What you have to do — Copy the lines exactly. Begin at the first line of the data and stop after the line with "Preview: Sideboard Grau".

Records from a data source
::::

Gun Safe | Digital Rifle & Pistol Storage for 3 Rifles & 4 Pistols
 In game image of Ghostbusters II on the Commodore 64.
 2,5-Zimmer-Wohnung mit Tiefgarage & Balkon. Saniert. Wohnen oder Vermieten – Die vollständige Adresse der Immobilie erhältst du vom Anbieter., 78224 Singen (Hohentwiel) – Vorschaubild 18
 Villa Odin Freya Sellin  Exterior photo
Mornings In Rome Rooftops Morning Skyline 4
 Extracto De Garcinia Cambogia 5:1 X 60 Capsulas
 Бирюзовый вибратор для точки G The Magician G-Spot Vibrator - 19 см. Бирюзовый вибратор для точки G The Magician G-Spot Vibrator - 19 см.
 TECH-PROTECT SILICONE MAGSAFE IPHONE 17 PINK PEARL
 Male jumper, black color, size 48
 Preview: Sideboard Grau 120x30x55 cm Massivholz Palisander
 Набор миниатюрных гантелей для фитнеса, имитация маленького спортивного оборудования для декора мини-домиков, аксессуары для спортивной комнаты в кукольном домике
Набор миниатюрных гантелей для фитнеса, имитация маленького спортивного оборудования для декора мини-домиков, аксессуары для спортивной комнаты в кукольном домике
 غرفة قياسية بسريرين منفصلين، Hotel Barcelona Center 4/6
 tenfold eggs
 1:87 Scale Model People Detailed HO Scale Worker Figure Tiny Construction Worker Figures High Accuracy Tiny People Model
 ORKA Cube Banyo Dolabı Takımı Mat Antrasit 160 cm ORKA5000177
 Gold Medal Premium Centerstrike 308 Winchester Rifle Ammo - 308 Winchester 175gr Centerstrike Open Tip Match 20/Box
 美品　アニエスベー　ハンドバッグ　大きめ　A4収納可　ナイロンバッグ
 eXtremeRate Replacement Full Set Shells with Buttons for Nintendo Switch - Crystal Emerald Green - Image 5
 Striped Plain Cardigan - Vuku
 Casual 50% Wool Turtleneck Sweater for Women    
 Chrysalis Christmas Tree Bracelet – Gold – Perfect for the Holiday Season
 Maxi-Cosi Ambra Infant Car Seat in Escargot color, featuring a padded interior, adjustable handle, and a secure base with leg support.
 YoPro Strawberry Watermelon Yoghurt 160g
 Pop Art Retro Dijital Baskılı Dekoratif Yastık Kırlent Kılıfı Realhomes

::::

Answer to this task —
Gun Safe | Digital Rifle & Pistol Storage for 3 Rifles & 4 Pistols
 In game image of Ghostbusters II on the Commodore 64.
 2,5-Zimmer-Wohnung mit Tiefgarage & Balkon. Saniert. Wohnen oder Vermieten – Die vollständige Adresse der Immobilie erhältst du vom Anbieter., 78224 Singen (Hohentwiel) – Vorschaubild 18
 Villa Odin Freya Sellin  Exterior photo
Mornings In Rome Rooftops Morning Skyline 4
 Extracto De Garcinia Cambogia 5:1 X 60 Capsulas
 Бирюзовый вибратор для точки G The Magician G-Spot Vibrator - 19 см. Бирюзовый вибратор для точки G The Magician G-Spot Vibrator - 19 см.
 TECH-PROTECT SILICONE MAGSAFE IPHONE 17 PINK PEARL
 Male jumper, black color, size 48
 Preview: Sideboard Grau 120x30x55 cm Massivholz Palisander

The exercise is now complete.